Oct 12, 2012; Washington, DC, USA; Washington Nationals center fielder Bryce Harper (34) reacts after teammate Ryan Zimmerman (not shown) hit a two run home run in the first inning of game five of the 2012 NLDS against the St. Louis Cardinals at Nationals Park. Mandatory Credit: Joy R. Absalon-USA TODAY Sports

Bryce Harper: How Good Can He Be In 2013?


I subscribe to Joe Sheehan’s awesome newsletter (and now he is introducing trial memberships if you are interested) and he recently said that he is more sure of his prediction of National League Most Valuable Player than any other award. And his pick for that award? Bryce Harper.

We’re not talking enough about Bryce Harper and how good he can be this year. Maybe it’s burnout after the attention he got a year ago, maybe it’s that we were overwhelmed by Mike Trout‘s performance last year, maybe it’s the haircut. There’s certainly an expectation that Harper is going to be a superstar, maybe eventually a Hall of Famer, but it’s not clear to me that there’s an understanding of how good Harper could be in 2013. The above isn’t hyperbole: Harper is my pick for NL MVP in 2013, maybe the single prediction I feel most strongly about.
Harper’s terrific performance at age 19 is the best reason to project him as a superstar at 20. His season was, by baseball-reference WAR, the best ever by a 19-year-old, worth five wins. Allow for the fact that some of that is defense and we can’t measure defense that well across generations, and Harper’s 2012 performance at the plate is on a short list with Mel Ott‘s 1928, Tony Conigliaro‘s 1964 and Ty Cobb‘s 1906 for greatest 19-year-old campaigns ever.
There was a lot of debate about Mike Trout and Bryce Harper on both top prospects lists last year and when it came to their Major League performances, but when it comes down to it, there is an age gap and not any age gap but arguably the biggest one that exists: 19 vs 20. At 19, Harper won National League Rookie of the Year. At 19, Trout put up big numbers (.326/.414/.544) in the Texas League (AA) and struggled (.220/.281/.390) in his 135 plate appearances at the Major League level.

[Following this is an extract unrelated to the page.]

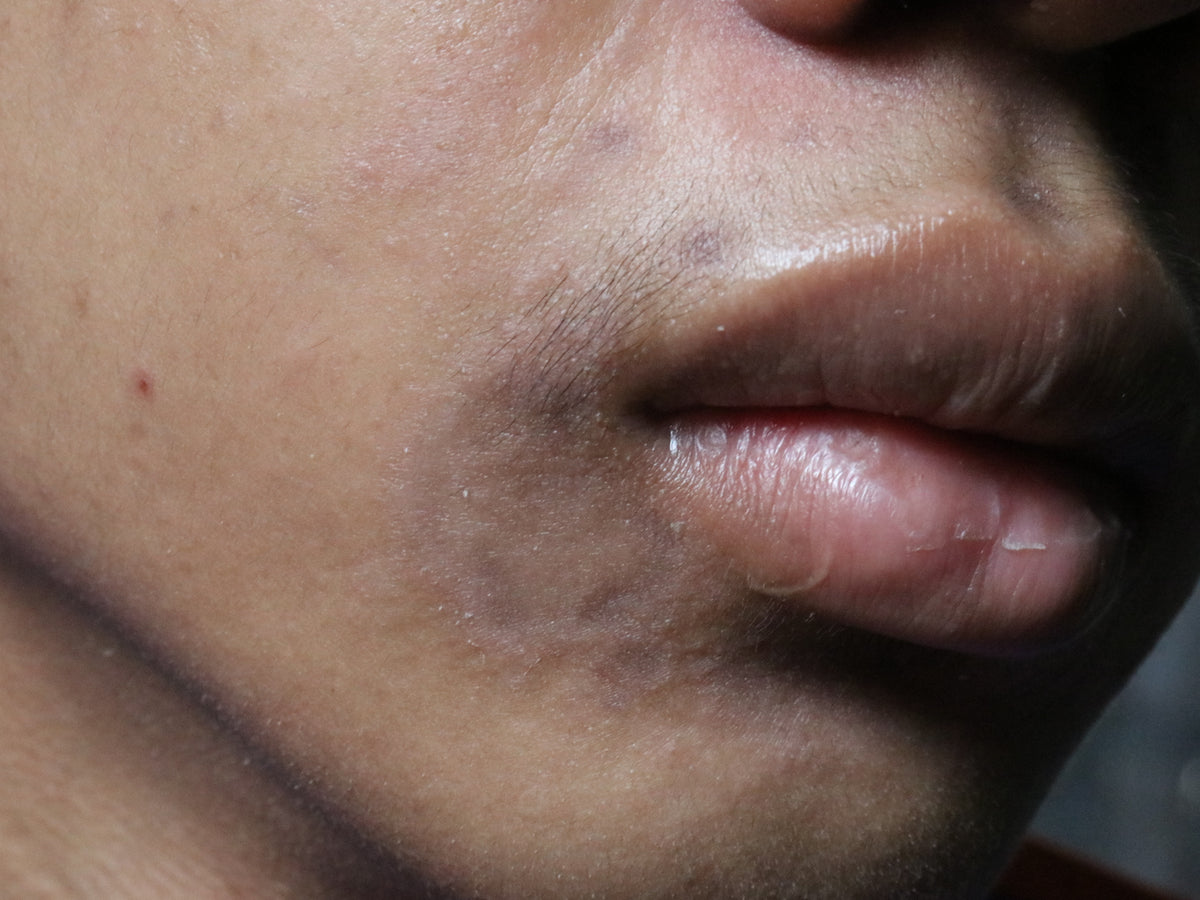 Hyperpigmentation Post Rash Is Post-Inflammatory Hyperpigmentation Dangerous? – Balmonds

At age 20, he was arguably the best player in baseball. It’s not out of the question for Harper to do the same thing. Do I expect Harper to have as good a season as Trout last year? No. Mostly because of the defense that Trout brings and that raises is WAR. However, with the bat, Harper can easily beat the season he had last year and come close to the one that Trout had as well.

A lot of people who are pessimistic towards the Nationals and see the Atlanta Braves coming up behind them and passing them see struggles or regression from Adam LaRoche and others. But this team is more than just the addition of Denard Span. They have a more experienced Harper who may be good enough to offset any negative regression the Nationals offense would be this year.

Back to Sheehan:

[At] 19, Trout was dominating the Texas League and failing in the majors; at 19, Harper was one of the best players on a division winner. Those two things are not comparable, and if Trout’s 10-WAR 2012 season is a high bar to clear — goosed by a 49/5 SB/CS and defensive performance Harper won’t match — Harper is the kind of player who will be clearing high bars for the next 20 years.

It sounds crazy, but right now, Bryce Harper might be underrated. He’s my pick for 2013 NL MVP.
Between Harper and Stephen Strasburg, it’s hard to understand just how good and rare the two talents are. Having both of them on the same team is an amazing treat. Potentially having both of them for a full season makes the Nationals a better team without even accounting for Rafael Soriano, Denard Span and Dan Haren. One more week until (pretend) games begin.